* [WHAT THE EXERCISE ASKS]: There should be no pictures in your answer, only an exact copy of the lines from the one with "Ansichtskarte AK Pau" through the end of the material.

* [RAW DATA]:
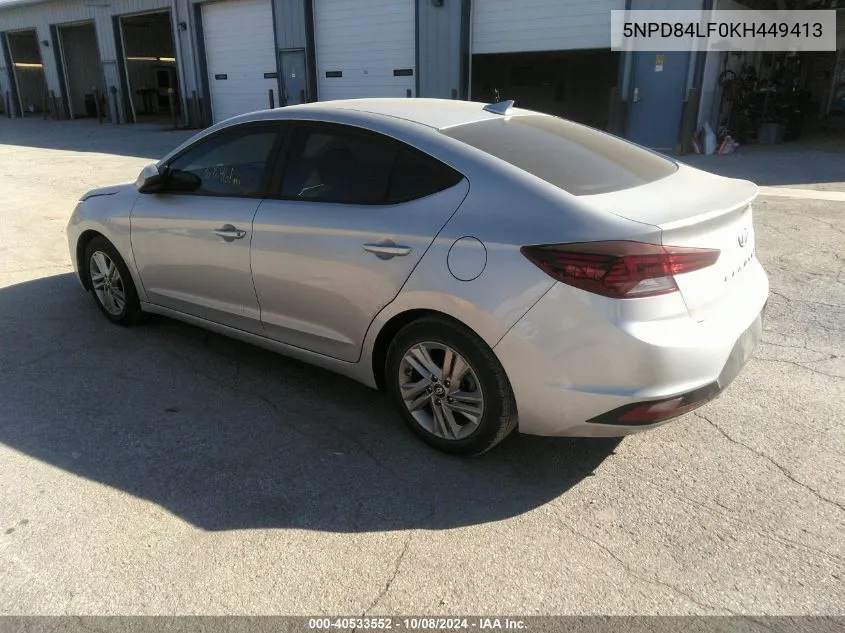 2019 Hyundai Elantra Sel/Value/Limited VIN: 5NPD84LF0KH449413 Lot: 40533552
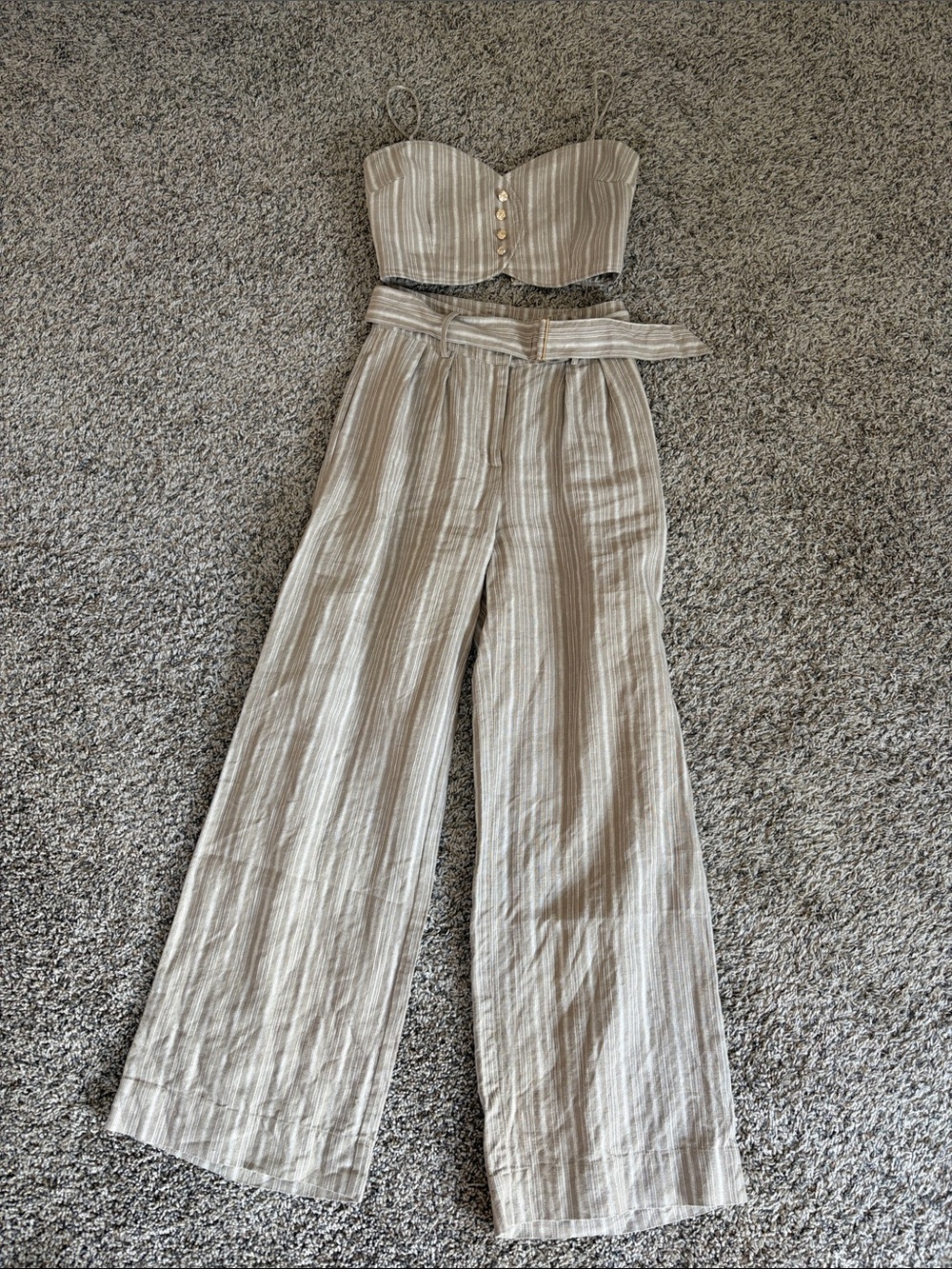 Hevron linen pants set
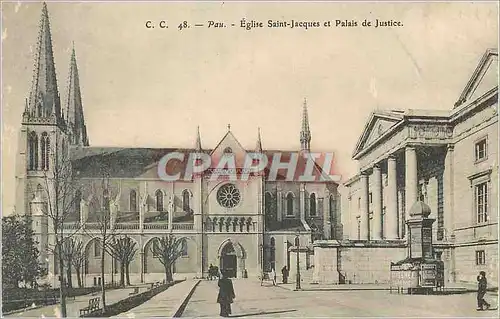 Ansichtskarte AK Pau Eglise Saint Jacques et Palais de Justice
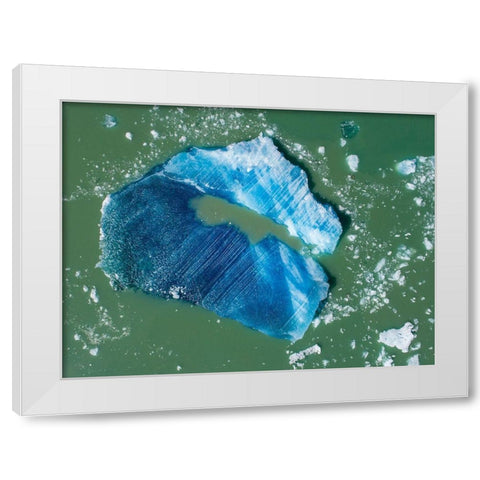 Alaska-Tracy Arm-Aerial view of floating iceberg calved from South Sawyer Glacier in Tracy Arm White Modern Wood Framed Art Print by Souders, Paul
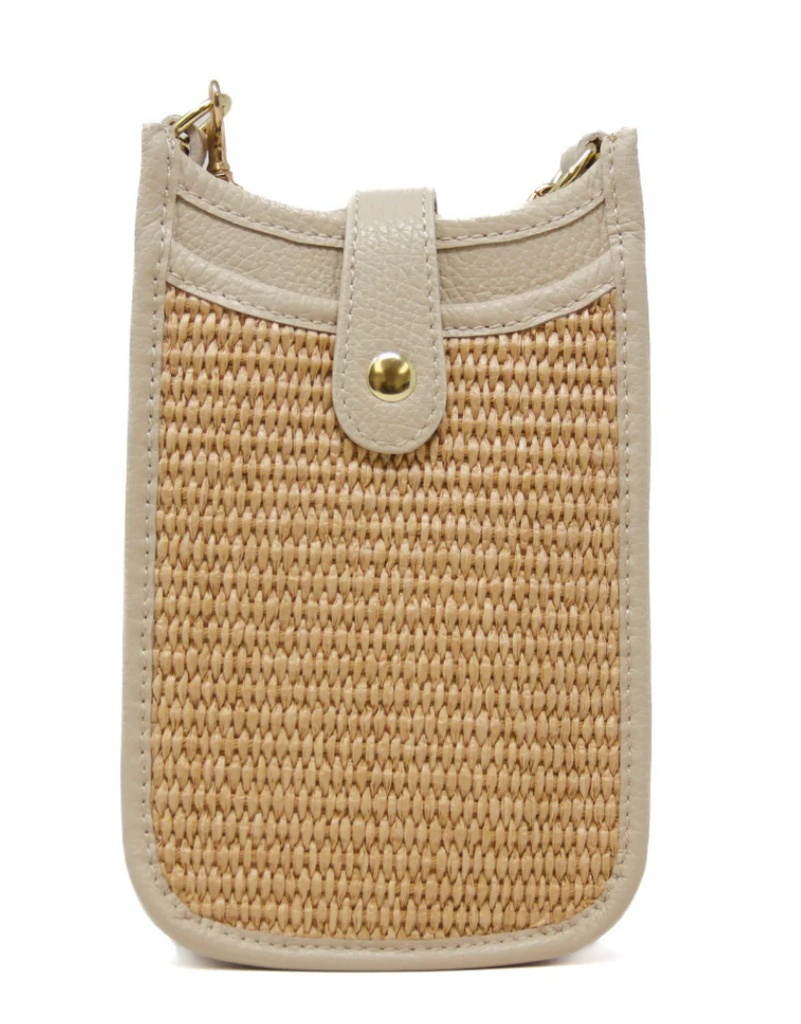 LEATHER AND STRAW CROSSBODY BAG - IVORY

* [ANSWER FOR THIS EXERCISE]:
 Ansichtskarte AK Pau Eglise Saint Jacques et Palais de Justice
 Alaska-Tracy Arm-Aerial view of floating iceberg calved from South Sawyer Glacier in Tracy Arm White Modern Wood Framed Art Print by Souders, Paul
 LEATHER AND STRAW CROSSBODY BAG - IVORY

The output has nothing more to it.